Where the line containing "Website und Recherchedatenbank" appears, start repeating, and continue exactly through the last line below, adding nothing. Include no pictures.
#### Provided information ####
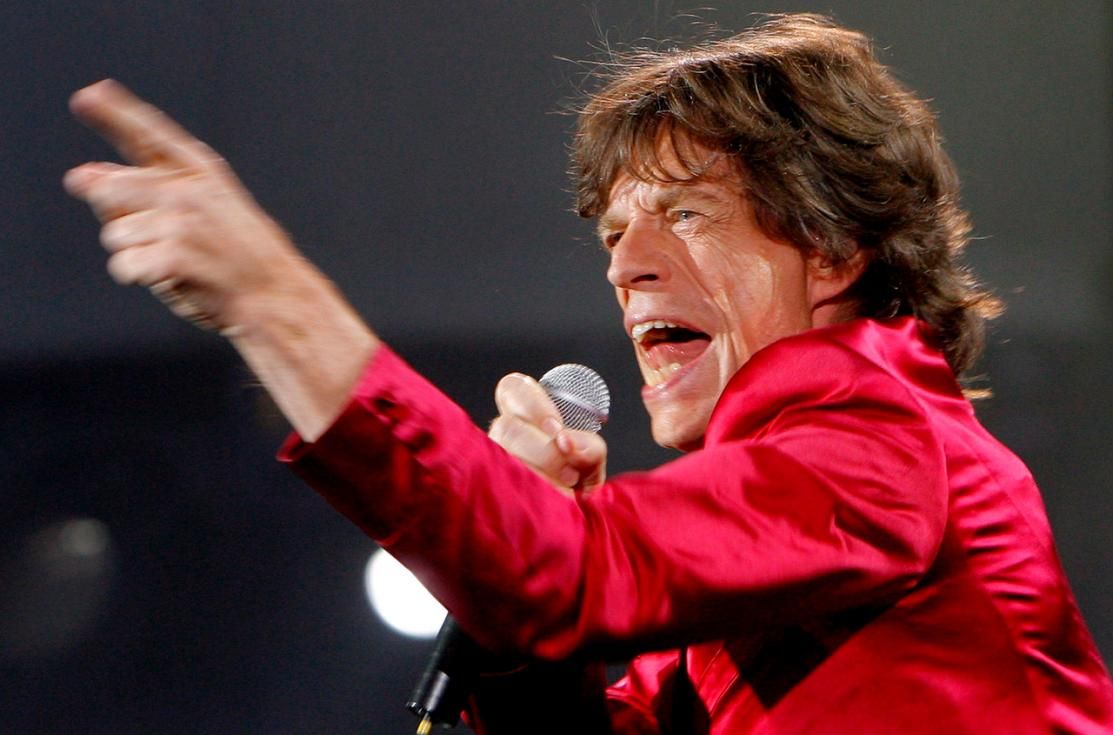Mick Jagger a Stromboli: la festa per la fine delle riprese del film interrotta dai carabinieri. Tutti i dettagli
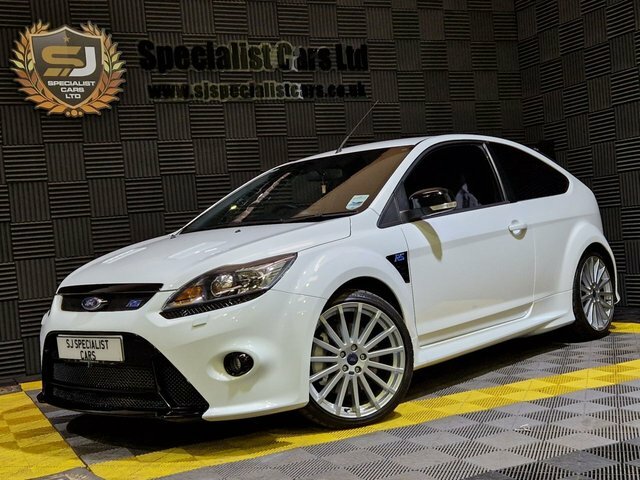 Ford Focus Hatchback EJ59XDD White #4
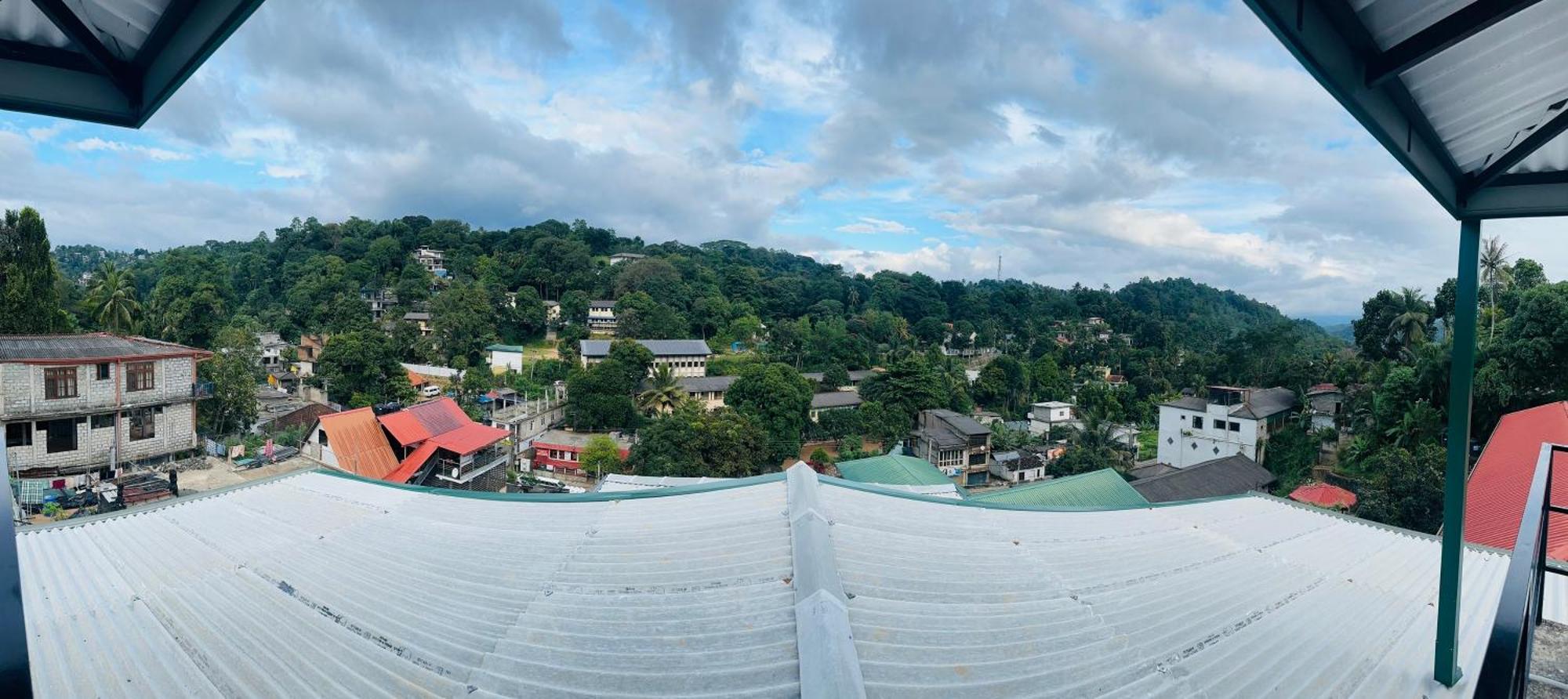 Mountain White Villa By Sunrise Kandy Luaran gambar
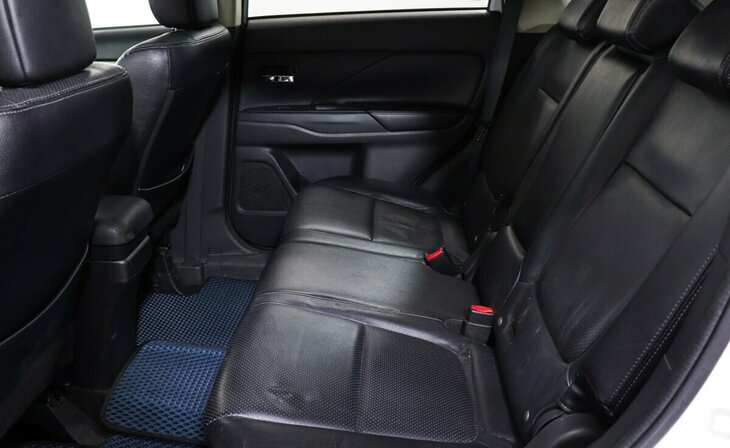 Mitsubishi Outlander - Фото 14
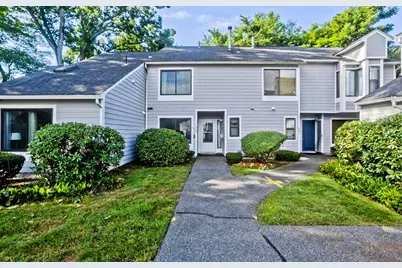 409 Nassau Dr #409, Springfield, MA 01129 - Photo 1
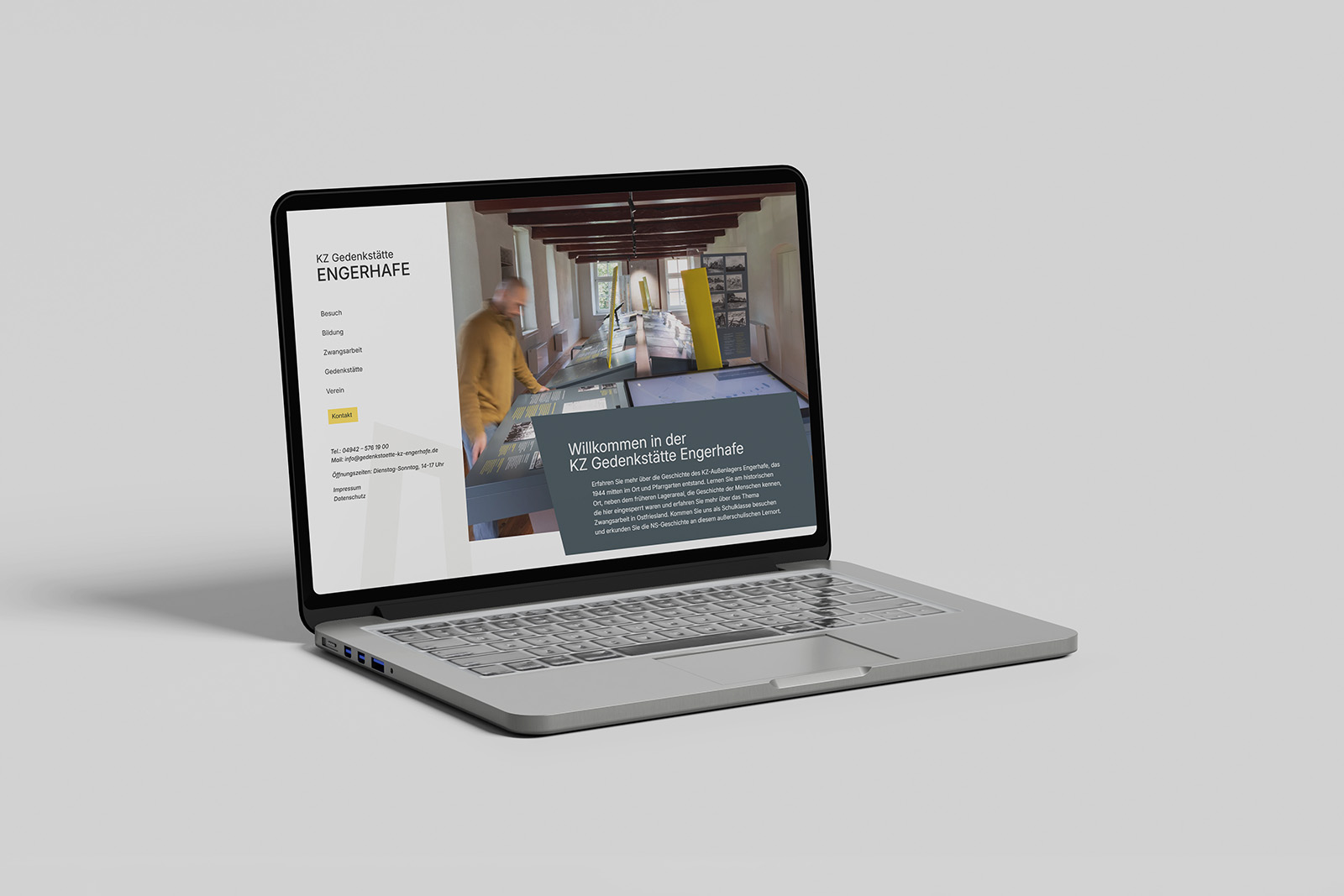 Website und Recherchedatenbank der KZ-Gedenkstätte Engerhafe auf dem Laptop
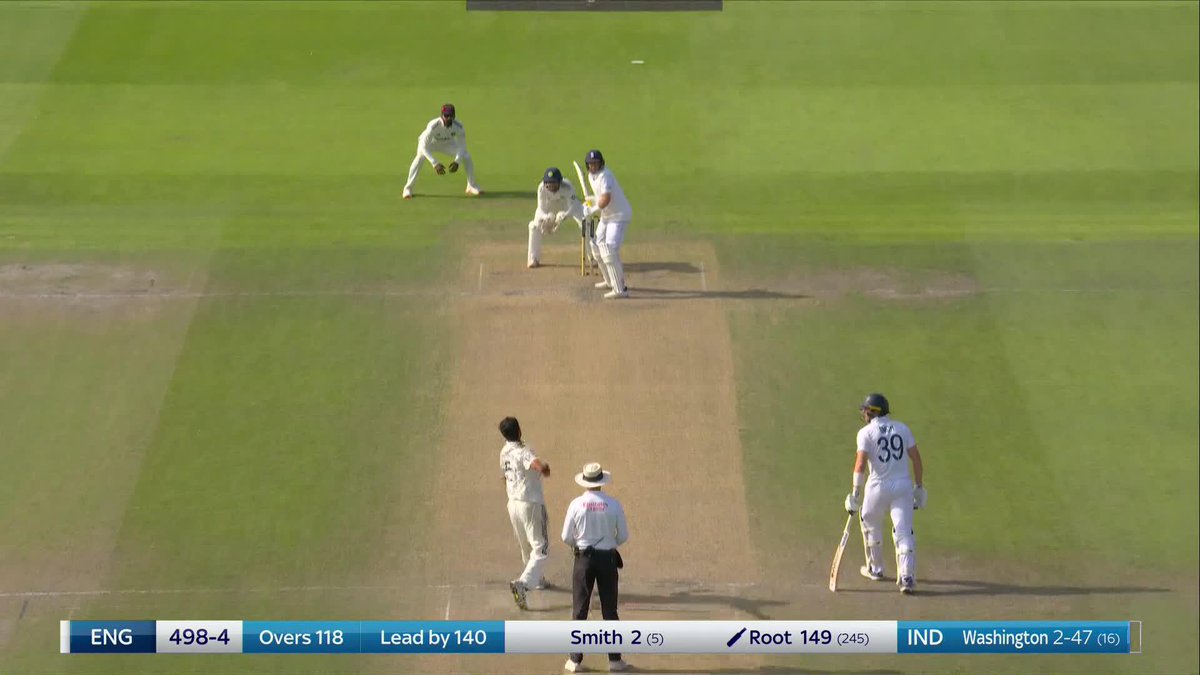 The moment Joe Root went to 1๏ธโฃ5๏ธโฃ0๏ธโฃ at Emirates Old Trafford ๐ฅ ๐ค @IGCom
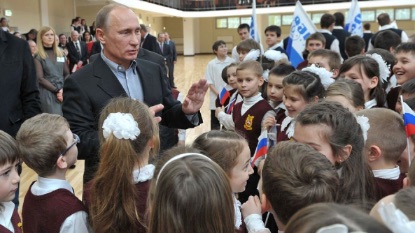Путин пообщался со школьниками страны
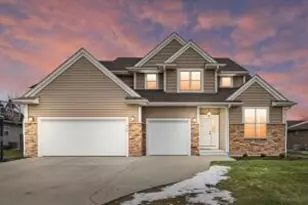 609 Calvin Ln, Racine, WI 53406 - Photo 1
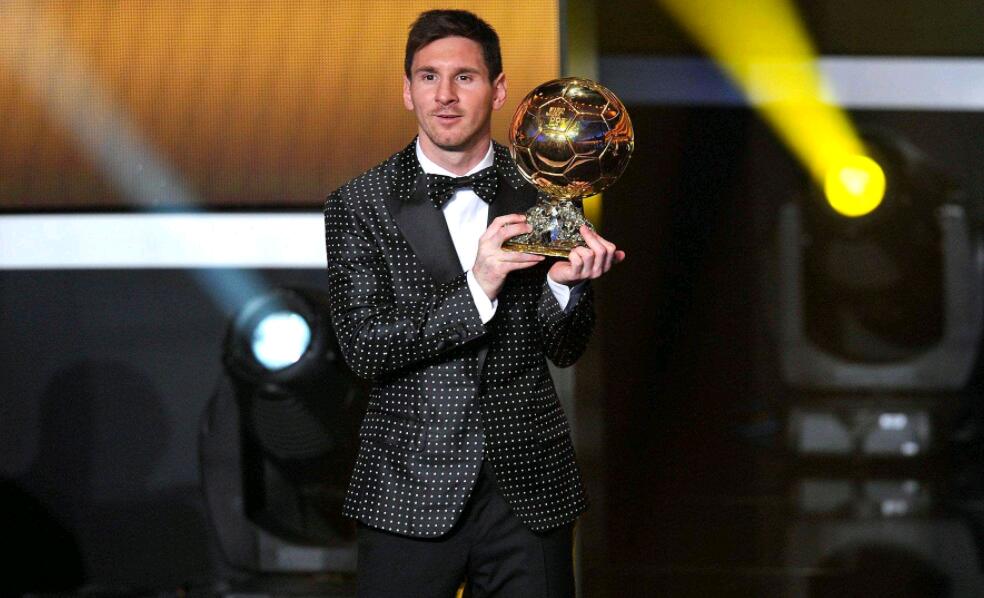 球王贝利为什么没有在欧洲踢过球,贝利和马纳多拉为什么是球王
####
- Response to the task -
 Website und Recherchedatenbank der KZ-Gedenkstätte Engerhafe auf dem Laptop
 The moment Joe Root went to 1๏ธโฃ5๏ธโฃ0๏ธโฃ at Emirates Old Trafford ๐ฅ ๐ค @IGCom
Путин пообщался со школьниками страны
 609 Calvin Ln, Racine, WI 53406 - Photo 1
 球王贝利为什么没有在欧洲踢过球,贝利和马纳多拉为什么是球王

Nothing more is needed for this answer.